According to a 2015 Thread and Alaska Early Childhood Coordinating Council survey, 41 percent of Alaska Native/American Indian families in Anchorage reported finding quality child care was a primary hardship, as well as accessibility and cost.

This sparked Harvey’s interest in collaborating with CINHS’s Yup’ik Immersion Program, which was developed to fill a need within the Alaska Native Head Start program to not only use the program’s nationally comprehensive education, health and nutrition instruction, but to also integrate Yup’ik heritage and culture into the overall program.

“If you look backwards, we know those high quality care environments really do set that stage, that foundation—so it’s really exciting that there’s an immersion program to support that home language,” Harvey said. “That really was my interest in learning further about their programming and what they’re doing here in Anchorage.”

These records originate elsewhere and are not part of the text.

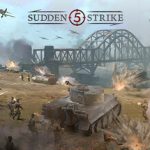 Sudden Strike 5 – Bemutató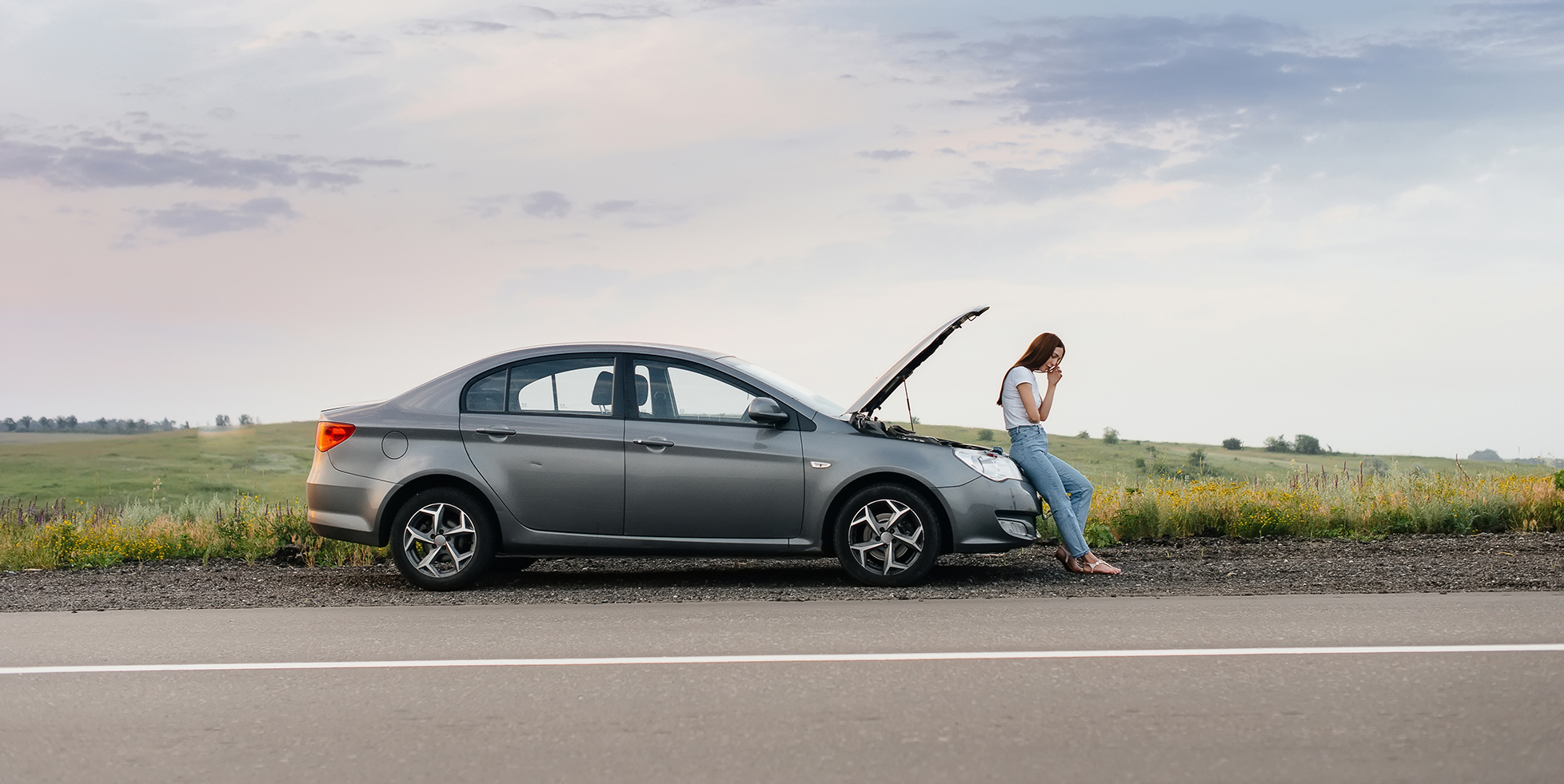 domestic and commercial vehicle recovery in Lancashire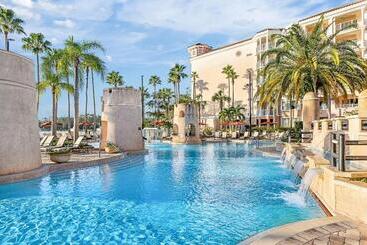 هتل Marriott's Grande Vista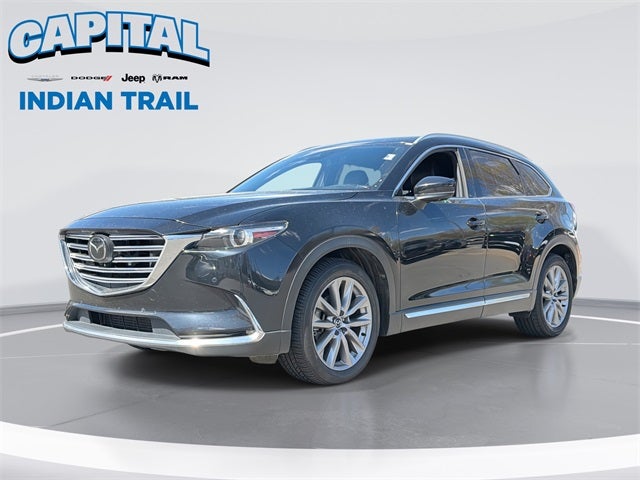 2020 Mazda Mazda CX-9 Grand Touring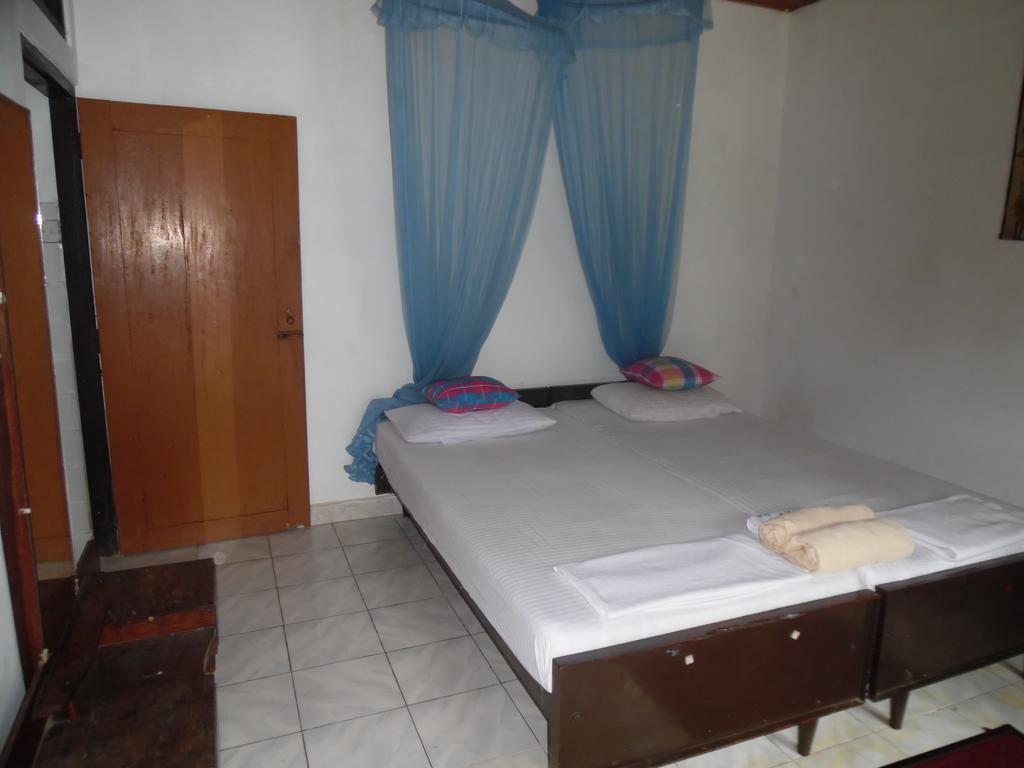 Hotel Weltevreden Galle Camera foto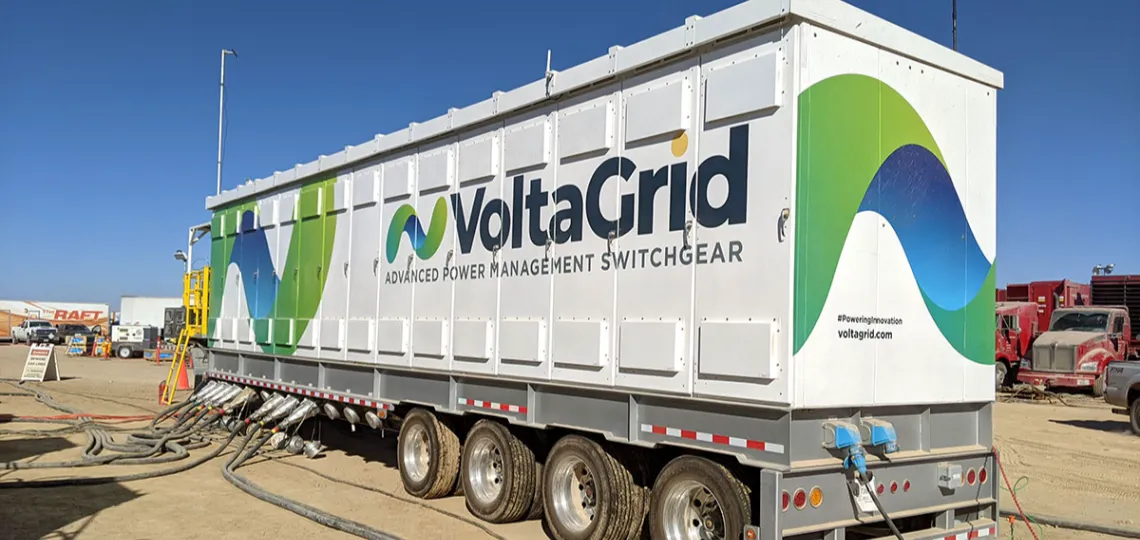 VoltaGrid raises $5.0bn to deploy 4.3 GW of capacity by 2028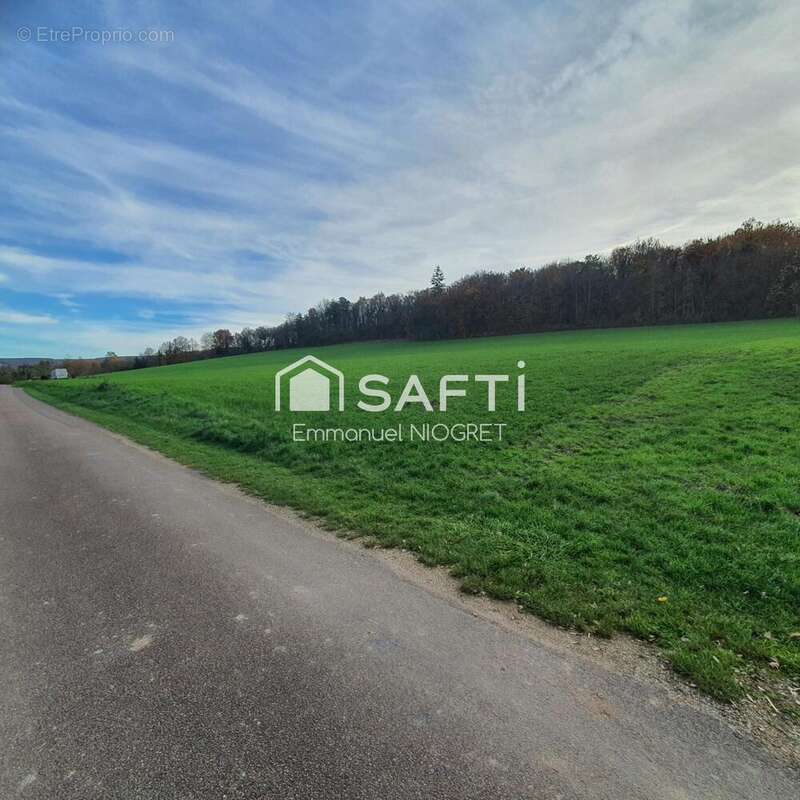 Photo 2 - Terrain à TARSUL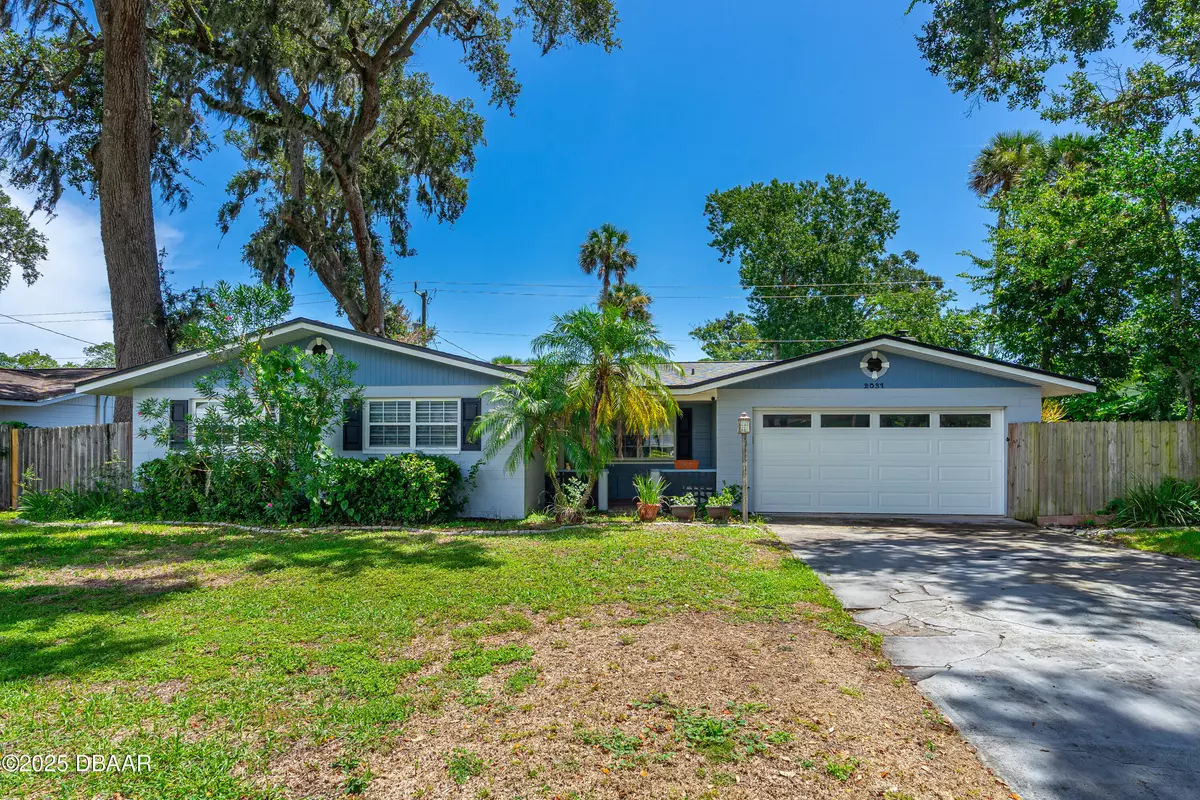 South Daytona, FL 32119,2031 Mike ST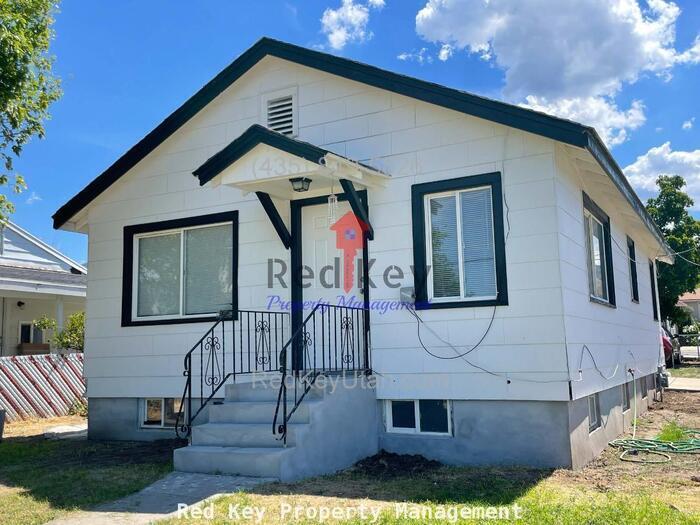 Foto principal - Utah Ave Single Family Home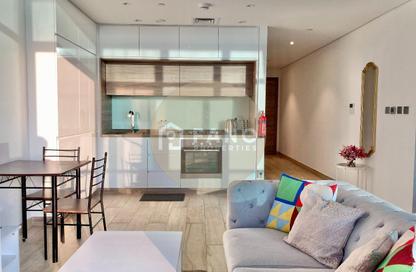 Apartment - Studio - 1 Bathroom for rent in Studio One - Dubai Marina - Dubai Apartment - Studio - 1 Bathroom for rent in Studio One - Dubai Marina - Dubai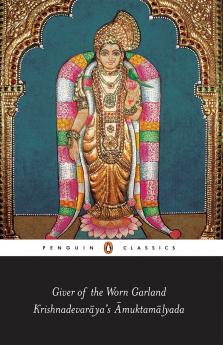 Giver Of The Worn GarlandThe (Penguin C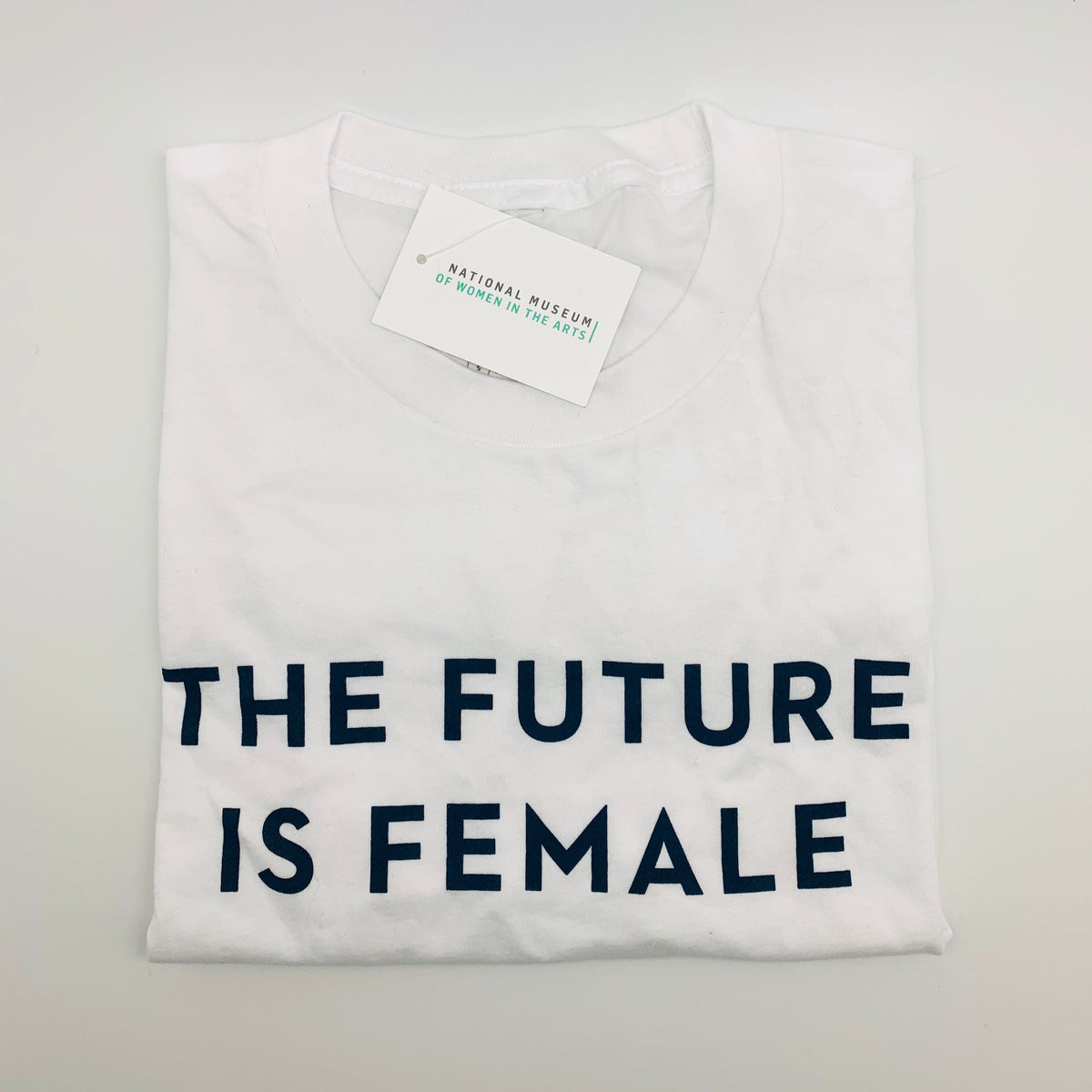 The Future Is Female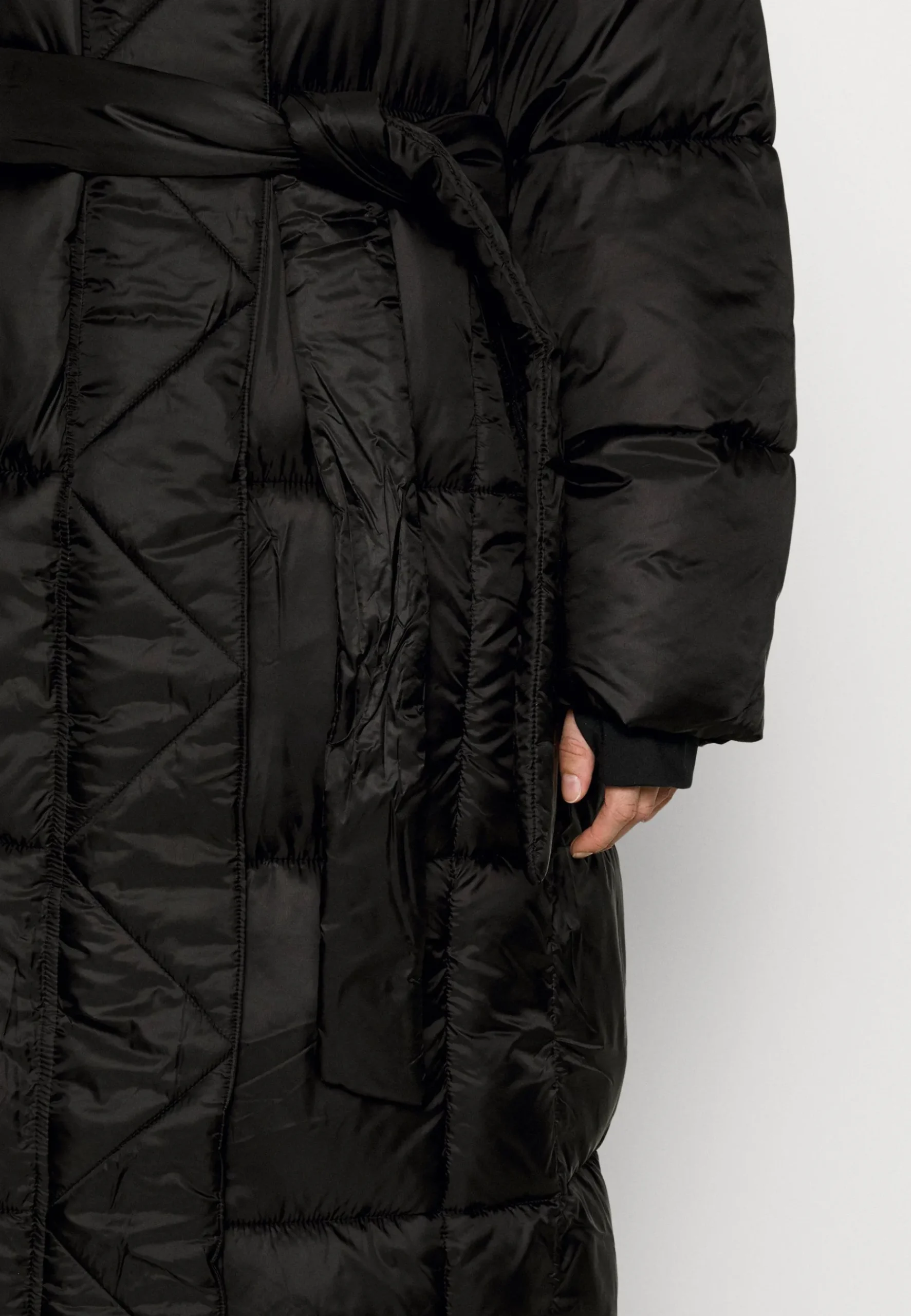 Primaloft Coat - Manteau Classique|Gap Tall Outlet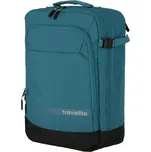 Příruční zavazadlo 55x40x20 Travelite Kick Off Multibag Backpack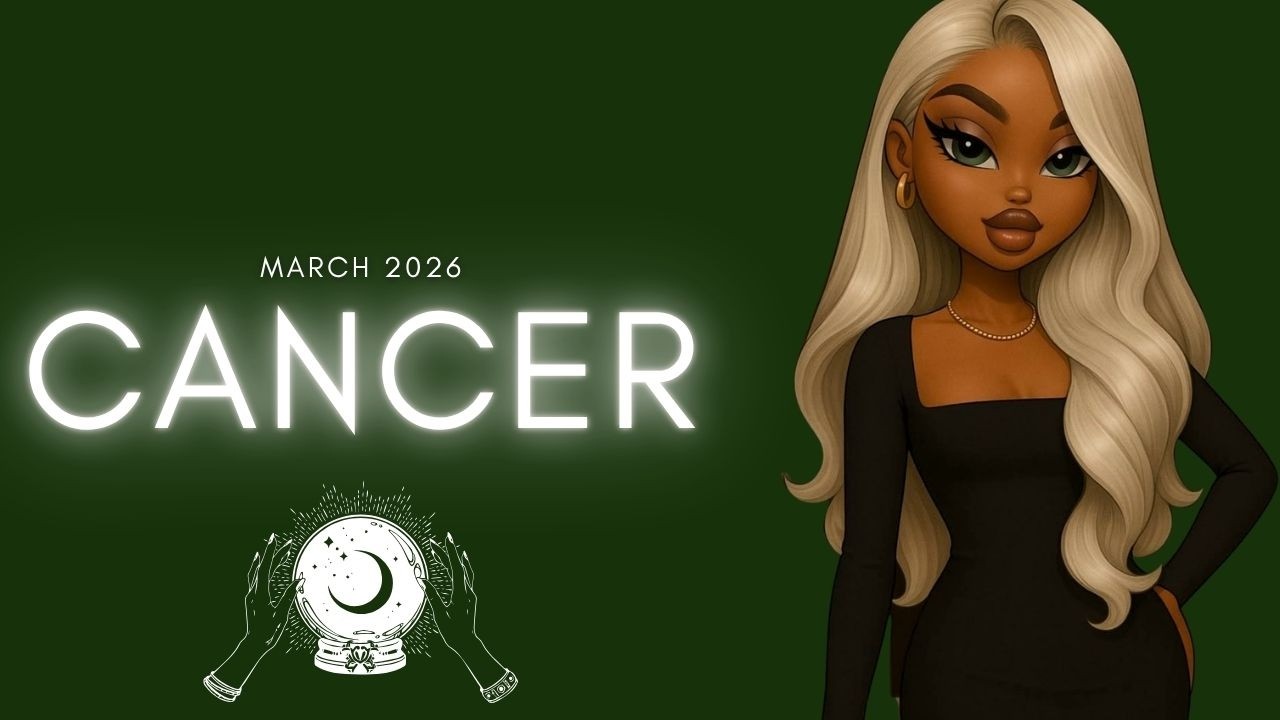 CANCER♋️ 🫵 DANGEROUS — YOUR ENERGY GOT PEOPLE OUT HERE LOSING CONTROL‼️ THIS SHOULD BE STUDIED‼️🔥💋👑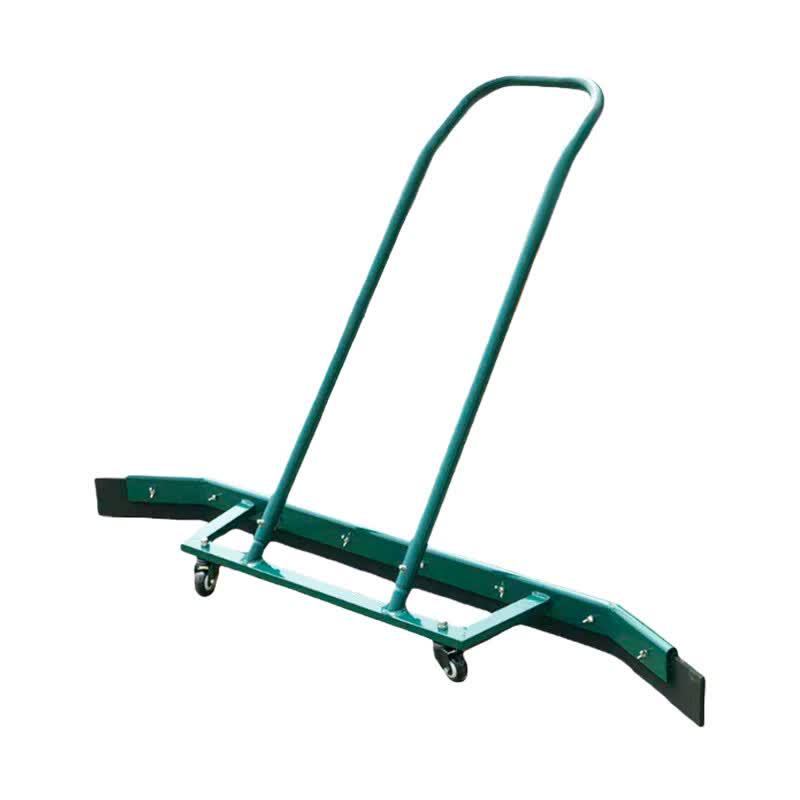 Sports Field Water Pusher and Floor Scraper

A bulletin board in the Cook Inlet Native Head Start’s Yup’ik Immersion Program classroom uses words and visual representation to not only teach language skills, but to also instill a sense of cultural pride and heritage into their curriculum.

But she acknowledges the year-old program is not without its hurdles. There are many challenges and, according to Harvey, two of the main ones include finding qualified early childhood development professionals with the correct language skills, and working with households where the language spoken at school is often not what’s spoken at home. She said of the 18 families enrolled in the program, maybe seven speak Yup’ik in the home.

“For these families who really want to instill and support their young children to learn their cultural language, but don’t have the language themselves—there’s this gap,” said Harvey. “Part of the intention of this project is helping to provide materials at home for the families to reinforce—and even to start—learning the language themselves.”

Designing the program

Last spring Harvey began her research and proposal to apply for a grant through UAA’s CCEL to collaborate with CINHS’s Yup’ik Immersion Program. She spent the better half of the summer designing a one-year program, which began this fall. She’s had help from a handful of her early childhood education students some who are fluent in Yup’ik to create materials, such as picture books and materials for both children and parents to use in and out of the classroom.

“The students that I had this summer, they’re all early childhood education majors—I kind of gave them a little bit of room for creativity,” Harvey said.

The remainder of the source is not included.